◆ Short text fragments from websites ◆
########################################
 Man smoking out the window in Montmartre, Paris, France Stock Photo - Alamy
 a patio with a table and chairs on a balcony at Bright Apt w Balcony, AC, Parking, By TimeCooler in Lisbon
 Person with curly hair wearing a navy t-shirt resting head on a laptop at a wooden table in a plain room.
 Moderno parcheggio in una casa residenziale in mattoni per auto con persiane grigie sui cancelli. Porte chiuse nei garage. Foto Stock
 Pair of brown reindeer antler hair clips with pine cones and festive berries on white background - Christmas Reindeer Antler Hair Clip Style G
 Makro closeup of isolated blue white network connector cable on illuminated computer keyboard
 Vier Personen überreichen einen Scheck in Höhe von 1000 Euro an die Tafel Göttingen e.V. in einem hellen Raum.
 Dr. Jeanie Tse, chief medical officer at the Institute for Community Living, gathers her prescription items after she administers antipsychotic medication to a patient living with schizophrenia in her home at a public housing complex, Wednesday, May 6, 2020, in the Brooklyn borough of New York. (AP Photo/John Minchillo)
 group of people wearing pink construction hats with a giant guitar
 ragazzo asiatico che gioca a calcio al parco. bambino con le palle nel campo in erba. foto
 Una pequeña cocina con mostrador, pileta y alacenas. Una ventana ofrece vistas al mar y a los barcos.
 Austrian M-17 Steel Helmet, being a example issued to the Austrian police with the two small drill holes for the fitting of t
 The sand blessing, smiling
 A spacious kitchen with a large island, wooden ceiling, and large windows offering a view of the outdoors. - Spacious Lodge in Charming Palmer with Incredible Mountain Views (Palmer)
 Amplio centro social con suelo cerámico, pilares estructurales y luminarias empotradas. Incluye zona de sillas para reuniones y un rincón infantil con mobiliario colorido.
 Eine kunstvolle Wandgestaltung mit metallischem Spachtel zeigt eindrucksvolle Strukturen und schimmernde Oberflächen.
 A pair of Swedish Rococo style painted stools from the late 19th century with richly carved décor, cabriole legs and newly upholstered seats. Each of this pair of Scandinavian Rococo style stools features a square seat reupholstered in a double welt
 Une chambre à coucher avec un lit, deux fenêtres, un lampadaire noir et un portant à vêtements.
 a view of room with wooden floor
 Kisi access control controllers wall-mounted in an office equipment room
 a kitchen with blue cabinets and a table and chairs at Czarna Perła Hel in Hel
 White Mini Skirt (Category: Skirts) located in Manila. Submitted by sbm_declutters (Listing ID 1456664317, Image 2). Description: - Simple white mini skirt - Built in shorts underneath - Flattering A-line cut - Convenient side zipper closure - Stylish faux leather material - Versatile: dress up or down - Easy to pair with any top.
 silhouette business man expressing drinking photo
########################################
Above are the records; from them, give again exactly the lines from the one containing "Pair of brown" through the one containing "Dr. Jeanie Tse, chief", both included.

◆ SOLUTION TO THIS EXERCISE ◆
 Pair of brown reindeer antler hair clips with pine cones and festive berries on white background - Christmas Reindeer Antler Hair Clip Style G
 Makro closeup of isolated blue white network connector cable on illuminated computer keyboard
 Vier Personen überreichen einen Scheck in Höhe von 1000 Euro an die Tafel Göttingen e.V. in einem hellen Raum.
 Dr. Jeanie Tse, chief medical officer at the Institute for Community Living, gathers her prescription items after she administers antipsychotic medication to a patient living with schizophrenia in her home at a public housing complex, Wednesday, May 6, 2020, in the Brooklyn borough of New York. (AP Photo/John Minchillo)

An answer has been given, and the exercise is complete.